Rotters - By Daniel Kraus Page 0,149

Bradbury that had been pasted with blood across Boggs’s face and arms like a form of armor. His top hat blacked out the moon. The knife was raised and bloody.

“There’s a rotter in you, too, son.” He nodded helpfully and crouched down. “Let me help you get it out.”

He drove his knife at my stomach. Only my churning legs kept the point from landing. I wrapped the small man in a bear hug and bucked, expecting each second an impalement. Instead he pulled away from me. Panting, he stood and with his remaining eye cataloged me: knuckles, pelvis, clavicle, skull.

“Don’t overreact, now. I ain’t trying to kill you.” He moistened his puffy lips and zeroed in on my sternum. “I’m trying to save you.”

He cavorted toward me with mincing steps. I leapt across the hole and while airborne revisited what I had seen earlier: it had not been Bradbury he’d been paging through while stumbling away. It had been the Rotters Book, and he’d finally come upon my photo. Physical laws meant little to him, but books were truth. If the pages said that I was dead, then I was dead.
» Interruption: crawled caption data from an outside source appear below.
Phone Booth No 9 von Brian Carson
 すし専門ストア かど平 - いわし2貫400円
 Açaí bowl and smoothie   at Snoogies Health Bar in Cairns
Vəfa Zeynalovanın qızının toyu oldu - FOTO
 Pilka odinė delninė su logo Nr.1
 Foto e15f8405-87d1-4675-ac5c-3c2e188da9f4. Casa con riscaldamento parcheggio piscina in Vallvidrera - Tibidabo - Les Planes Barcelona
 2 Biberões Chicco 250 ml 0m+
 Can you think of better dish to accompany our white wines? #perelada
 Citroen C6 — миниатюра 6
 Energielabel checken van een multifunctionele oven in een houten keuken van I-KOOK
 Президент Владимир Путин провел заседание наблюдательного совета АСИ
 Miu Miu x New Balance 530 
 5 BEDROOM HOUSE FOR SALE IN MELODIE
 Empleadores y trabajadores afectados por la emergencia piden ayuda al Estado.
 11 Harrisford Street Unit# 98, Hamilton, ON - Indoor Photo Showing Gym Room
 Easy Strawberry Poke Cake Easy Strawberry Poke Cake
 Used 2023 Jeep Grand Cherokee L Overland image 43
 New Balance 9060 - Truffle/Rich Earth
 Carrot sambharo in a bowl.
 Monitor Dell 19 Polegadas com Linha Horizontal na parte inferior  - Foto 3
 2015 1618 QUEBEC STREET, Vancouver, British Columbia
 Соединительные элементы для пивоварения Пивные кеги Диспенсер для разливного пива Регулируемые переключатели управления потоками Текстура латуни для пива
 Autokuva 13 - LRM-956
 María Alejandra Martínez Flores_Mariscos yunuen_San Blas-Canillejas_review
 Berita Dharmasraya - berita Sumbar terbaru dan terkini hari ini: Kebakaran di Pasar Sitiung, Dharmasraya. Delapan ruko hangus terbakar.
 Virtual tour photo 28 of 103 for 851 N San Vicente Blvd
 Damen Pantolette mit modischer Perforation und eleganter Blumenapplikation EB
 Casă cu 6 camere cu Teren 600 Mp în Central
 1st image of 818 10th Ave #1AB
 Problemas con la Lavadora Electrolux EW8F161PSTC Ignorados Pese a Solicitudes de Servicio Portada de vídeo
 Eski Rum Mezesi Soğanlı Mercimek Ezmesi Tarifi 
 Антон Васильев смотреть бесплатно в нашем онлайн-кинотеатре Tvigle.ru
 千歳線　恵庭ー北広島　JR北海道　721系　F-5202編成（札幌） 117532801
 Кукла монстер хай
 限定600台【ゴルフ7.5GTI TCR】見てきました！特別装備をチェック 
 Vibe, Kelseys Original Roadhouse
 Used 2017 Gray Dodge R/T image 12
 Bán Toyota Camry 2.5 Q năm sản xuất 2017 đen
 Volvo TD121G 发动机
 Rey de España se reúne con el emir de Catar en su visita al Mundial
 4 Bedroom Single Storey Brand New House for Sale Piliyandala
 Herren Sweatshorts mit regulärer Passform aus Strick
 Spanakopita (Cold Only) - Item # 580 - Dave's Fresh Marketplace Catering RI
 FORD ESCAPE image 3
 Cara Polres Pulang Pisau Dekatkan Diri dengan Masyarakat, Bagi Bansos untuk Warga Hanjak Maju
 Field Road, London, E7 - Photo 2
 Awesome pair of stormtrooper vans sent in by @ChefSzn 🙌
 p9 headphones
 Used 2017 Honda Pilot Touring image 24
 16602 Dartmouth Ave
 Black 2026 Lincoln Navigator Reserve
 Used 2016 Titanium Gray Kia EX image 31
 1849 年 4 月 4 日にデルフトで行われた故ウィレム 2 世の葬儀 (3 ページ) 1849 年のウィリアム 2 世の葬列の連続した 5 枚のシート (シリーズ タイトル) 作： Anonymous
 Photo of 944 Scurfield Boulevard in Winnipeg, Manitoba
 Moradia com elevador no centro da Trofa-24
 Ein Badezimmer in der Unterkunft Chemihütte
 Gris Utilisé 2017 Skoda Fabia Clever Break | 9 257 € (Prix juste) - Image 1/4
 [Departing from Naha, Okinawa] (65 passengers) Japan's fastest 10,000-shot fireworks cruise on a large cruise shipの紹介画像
Within arm’s reach of where I landed was our pile of belongings, and I dove for the swaddled Harpakhrad and lifted her as if she were mine. Though she was still wrapped in a blanket, the perfection of her weight and balance transfixed me. I was lost until a knife came out of nowhere to notch my shoulder blade. I felt the blow in my teeth.

“Rotter! Rotter! Don’t you touch her!”

I lashed out with Harpakhrad. Boggs was too short—she sailed over his head, the blanket unfurling as she twirled. The effort sank me; I collapsed to the grass. Boggs kicked me in the nose and, when I rolled again, the ear, and, when I rolled again, the teeth. Blasts of blood and pain clouded me. I couldn’t move and yet was moving: it was Boggs, toting me exactly the way Rhino had eons ago in the boys’ shower.

I opened my mouth to a foul taste—ZadenScent, I was sure of it. Then gravity compacted my guts and everything green and blue swapped places. I dropped. Ancient bones splintered against my chest. Oxygen shot from my lungs. Minutes were lost, many. I opened my eyes only in time to see the first shovelful of dirt swarming at me like a cloud of bees.

It hurt when it hit my face, a million little bullets. I used my elbows as cover and shouted for him to stop. Dirt caked my tongue. It kept coming, insanely fast, blotting out the sky. Already the weight was crushing. I corkscrewed and found myself face to face with the skeleton beneath me and wondered for an instant if it was my own—maybe the fall had knocked the rotter right out of me.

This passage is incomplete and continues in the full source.